Sebab, mobil listrik Hyundai Ioniq 5 yang dibelinya secara cash senilai Rp800 jutaan justru mengalami banyak masalah.
Masalah yang dialami Aa Juju mulai dari mobil yang tidak bisa pakai fitur fast charging, mobil tidak bisa dinyalakan hingga aki mobil listrik soak dan harus diganti.
Setelah mengundang teknisi ketika mobilnya tak bisa nyala, Aa Juju baru mengetahui aki mobilnya yang masih baru itu soak dan harus diganti.
Teknisi juga menjelaskan pada Aa Juju bahwa penyebab aki soak itu akibat kebiasaannya parkir paralel.
Sebab, teknisi tak pernah menyarankan mobil listrik tersebut diparkir paralel dalam waktu lama.
Paadahal, sebelum membelinya Aa Juju mengaku selalu menekankan bahwa dirinya membutuhkan mobil yang bisa parkir paralel dan sales menyebut mobil Hyundai Ioniq 5 itu salah satu yang aman diparkir paralel.
Lantas, benarkah mobil listrik (EV) yang parkir paralel bisa menyebabkan aki soak? Simak ulasannya berikut ini.
Berdasarkan keterangan teknisi yang memperbaiki mobil Aa Juju tersebut, terungkap fakta bahwa aki 12 volt (aki kecil) pada mobil tersebut sudah habis atau soak.
Pihak mekanik menyebut bahwa fitur kelistrikan seperti Bluelink tetap bekerja mengirim data saat mobil diparkir dalam posisi paralel (gigi netral).
Hal inilah yang dituding menjadi biang kerok'] tersedotnya daya aki hingga habis.
Penjelasan Ahli Soal Parkir Paralel untuk Mobil Listrik
Menanggapi isu yang tengah viral tersebut, influencer otomotif yang kerapmengulas mobil listrik, Jason Nathaniel, ikut memberikan pencerahan.
Menurutnya, mobil listrik memang bisa diparkir paralel, tapi ada syarat dan ketentuan yang berlaku.
"Mobil EV biasanya sudah ada fitur untuk menetralkan mobil saat parkir. Tapi, sadar tidak biasanya nama pengaturannya itu towing mode, tow away mode, atau trailer mode," ujar Jason dalam unggahan Instagram-nya.
Ia menjelaskan bahwa meskipun ada beberapa mobil yang memiliki Neutral Parking Mode, fitur tersebut sebenarnya dirancang untuk kebutuhan singkat, seperti saat mobil hendak diderek (towing).
"Memang tidak disarankan untuk jangka panjang. Setelah itu harus dikembalikan ke posisi P (Park) lagi," tambahnya.
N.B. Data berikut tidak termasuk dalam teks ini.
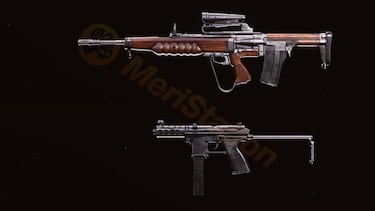 Pase de batalla de CoD Warzone Temporada 5: skins, armas, recompensas y más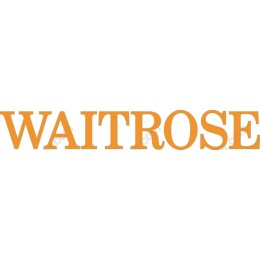 WAITROSE Logo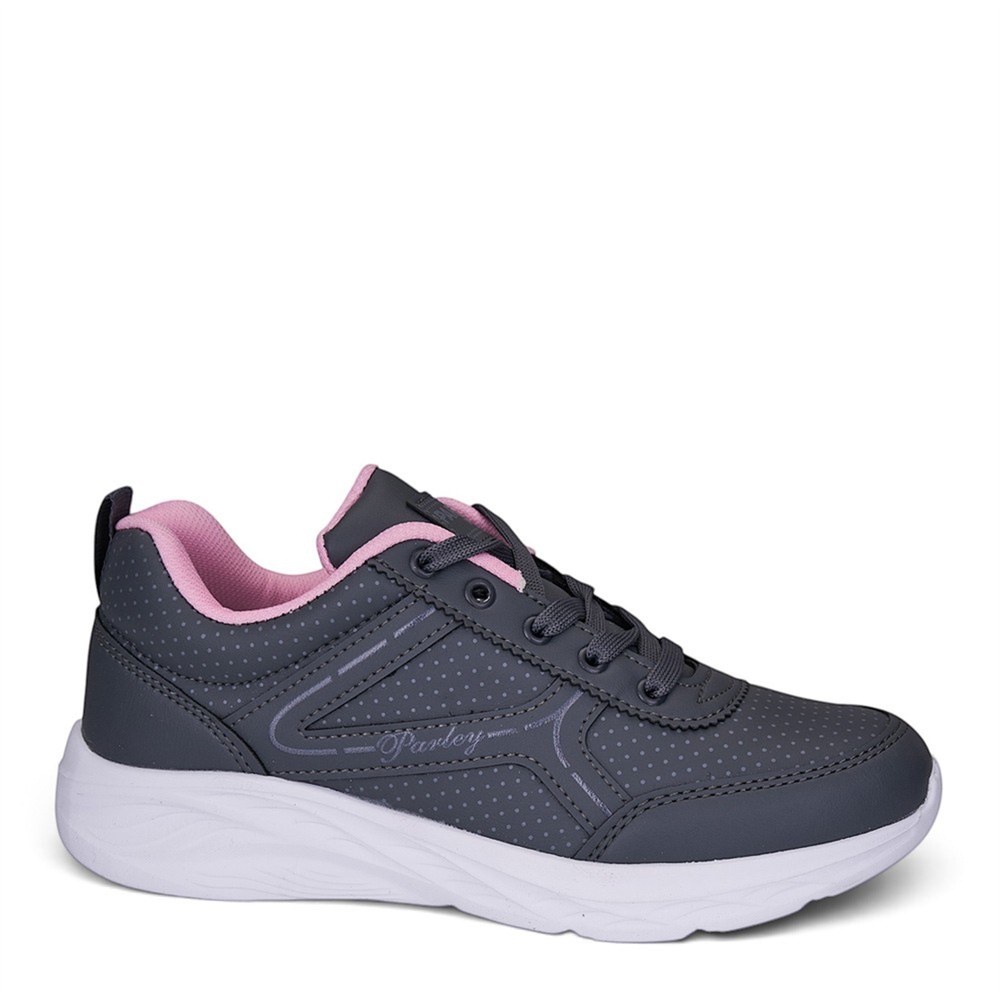 PARLEY Spor Cilt 294 Füme Pembe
Lebih lanjut, Jason menjelaskan bahwa saat mobil listrik berada di posisi netral, sistem DC Converter yang bertugas mengisi daya aki 12 volt dari baterai besar bisa terganggu kinerjanya.
Sistem ini berbeda-beda pada setiap merek mobil. Ada mobil yang tetap mengisi daya aki kecil meski di posisi netral,tapi banyak juga yang berhenti mengisi daya jika tidak dalam mode yang tepat.
"Pastinya harus cek buku manualnya dulu. Yang pasti, kalau EV kita dalam kondisi ON, Utility Mode, atau Showroom Mode, biasanya aki kecil masih bisa dicas secara normal," jelas Jason.
Tips Aman Parkir Mobil Listrik
Belajar dari kasus Aa Juju, para pemilik mobil listrik disarankan untuk memperhatikan hal-hal berikut saat parkir.
- Baca Buku Manual: Pahami prosedur parkir paralel yang benar sesuai spesifikasi pabrikan.
- Jangan Terlalu Lama: Hindari meninggalkan mobil dalam posisi netral untuk waktu yang sangat lama jika sistem tidak mendukung pengisian aki 12V di posisi tersebut.
- Gunakan Utility Mode: Jika harus berhenti lama dengan kondisi alat elektronik menyala, pastikan masuk ke mode yang aman bagi aki.